=== DATA ===

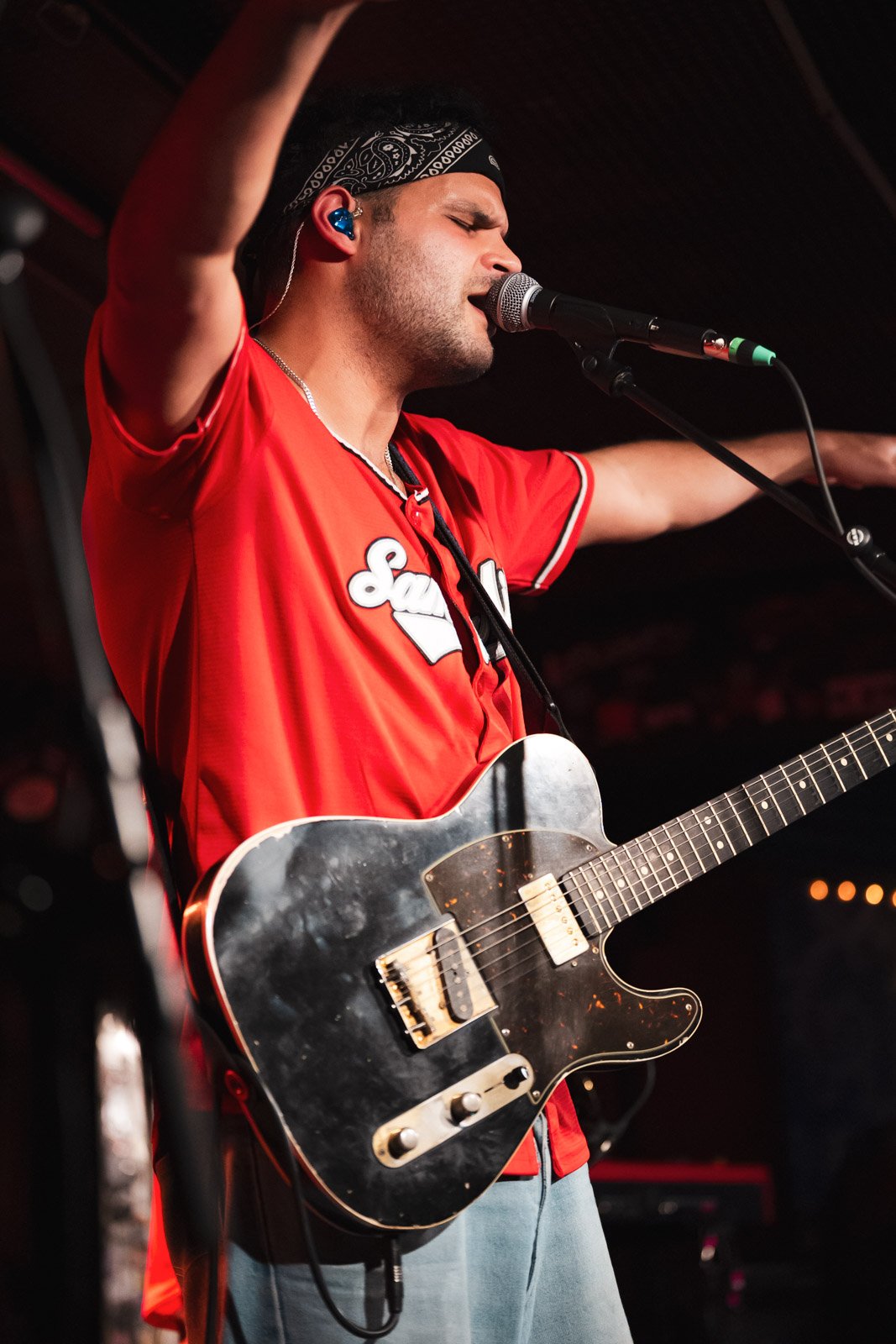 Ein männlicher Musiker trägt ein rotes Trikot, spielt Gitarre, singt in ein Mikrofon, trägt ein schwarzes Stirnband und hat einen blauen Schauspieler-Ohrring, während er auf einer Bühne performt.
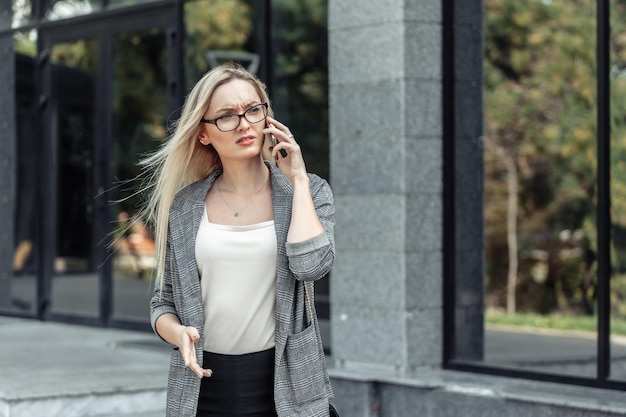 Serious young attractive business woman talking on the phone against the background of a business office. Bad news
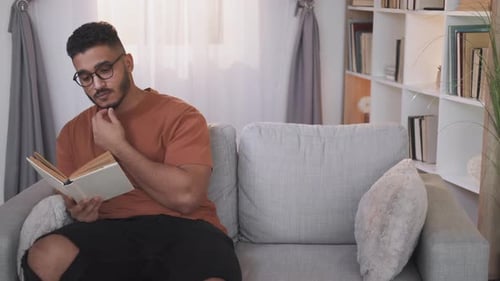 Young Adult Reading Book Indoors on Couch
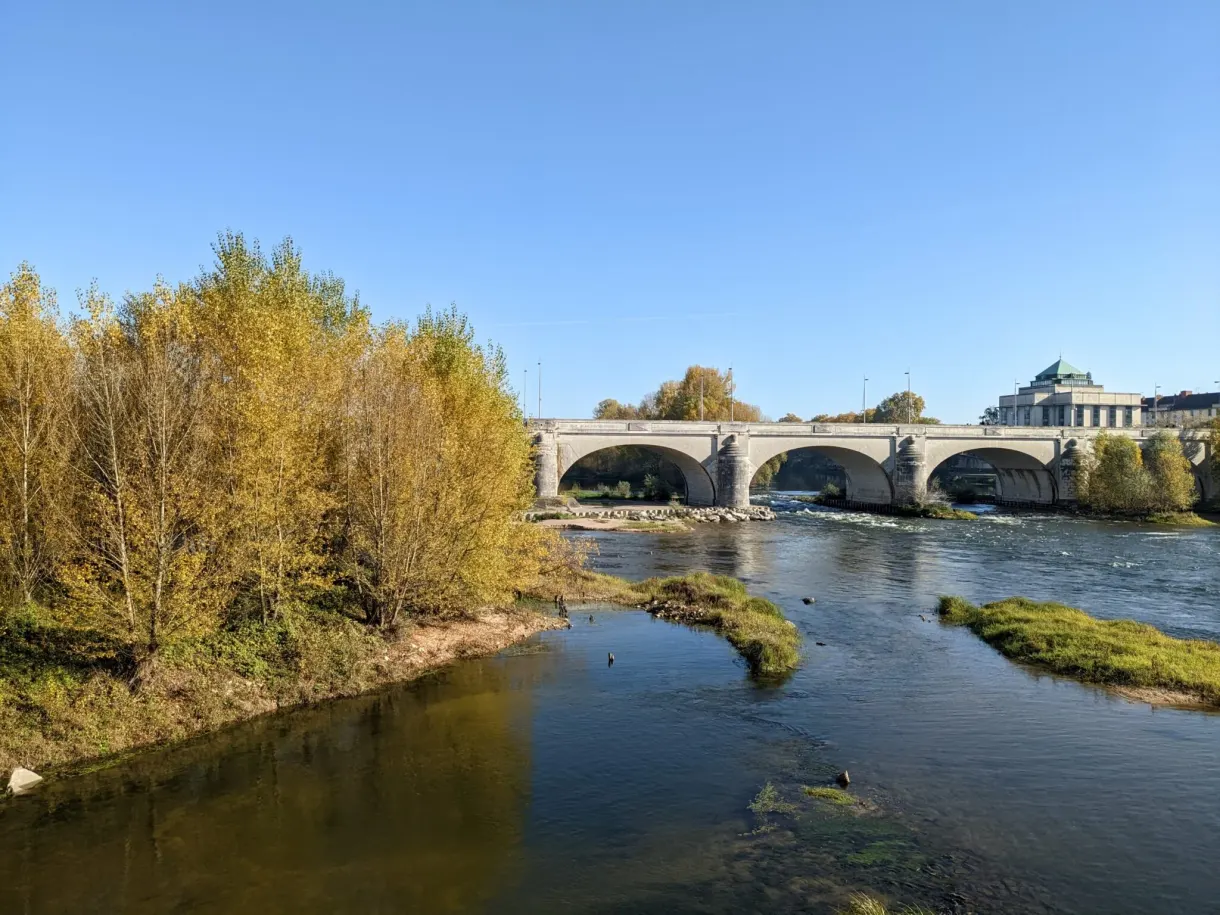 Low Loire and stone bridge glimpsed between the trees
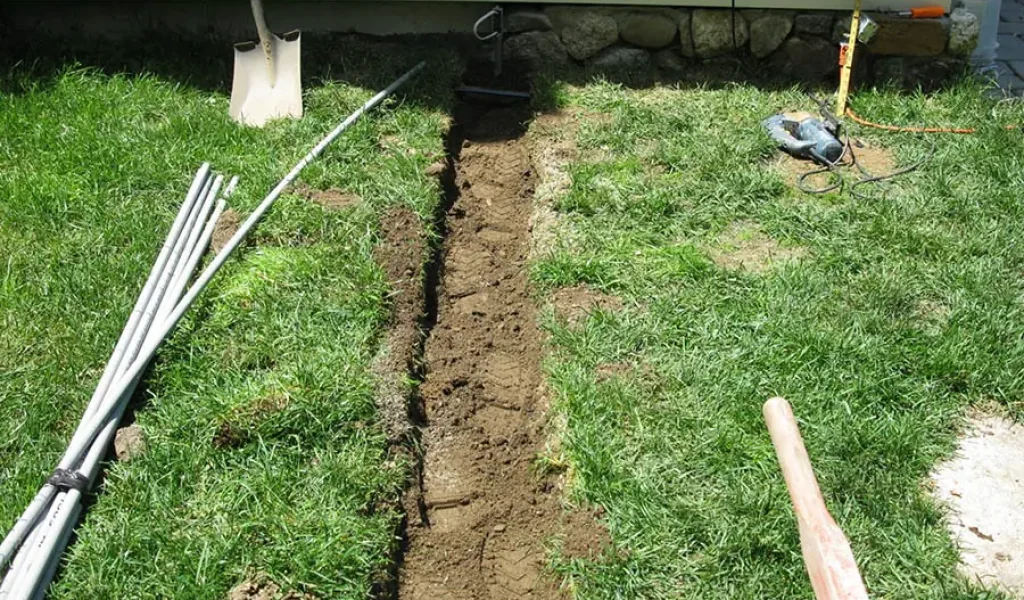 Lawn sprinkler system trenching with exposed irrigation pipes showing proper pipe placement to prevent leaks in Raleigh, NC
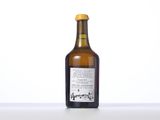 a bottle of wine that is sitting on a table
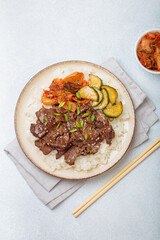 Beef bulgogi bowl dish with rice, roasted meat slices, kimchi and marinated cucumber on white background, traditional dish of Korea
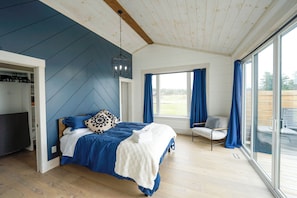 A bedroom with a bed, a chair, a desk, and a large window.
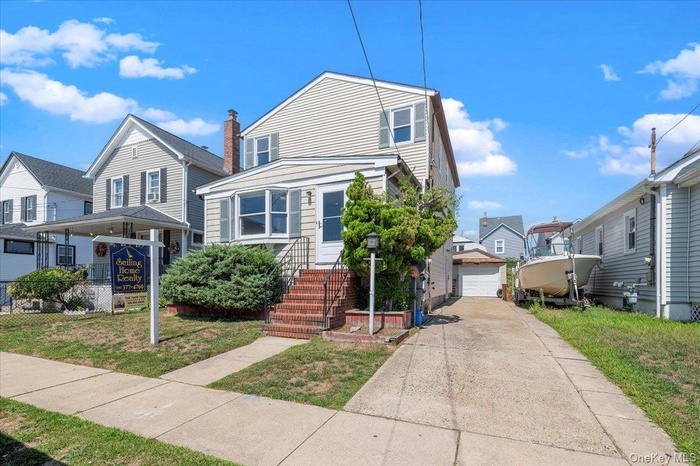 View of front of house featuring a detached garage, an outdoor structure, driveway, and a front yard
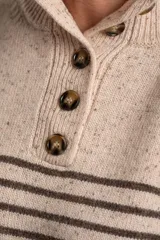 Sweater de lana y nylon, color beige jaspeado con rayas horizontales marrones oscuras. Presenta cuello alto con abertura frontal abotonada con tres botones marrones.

===

§ TRY IT
Could you return each entry word for word, with the images omitted?

§ EXERCISE OUTPUT
 Ein männlicher Musiker trägt ein rotes Trikot, spielt Gitarre, singt in ein Mikrofon, trägt ein schwarzes Stirnband und hat einen blauen Schauspieler-Ohrring, während er auf einer Bühne performt.
 Serious young attractive business woman talking on the phone against the background of a business office. Bad news
 Young Adult Reading Book Indoors on Couch
 Low Loire and stone bridge glimpsed between the trees
 Lawn sprinkler system trenching with exposed irrigation pipes showing proper pipe placement to prevent leaks in Raleigh, NC
 a bottle of wine that is sitting on a table
 Beef bulgogi bowl dish with rice, roasted meat slices, kimchi and marinated cucumber on white background, traditional dish of Korea
 A bedroom with a bed, a chair, a desk, and a large window.
 View of front of house featuring a detached garage, an outdoor structure, driveway, and a front yard
 Sweater de lana y nylon, color beige jaspeado con rayas horizontales marrones oscuras. Presenta cuello alto con abertura frontal abotonada con tres botones marrones.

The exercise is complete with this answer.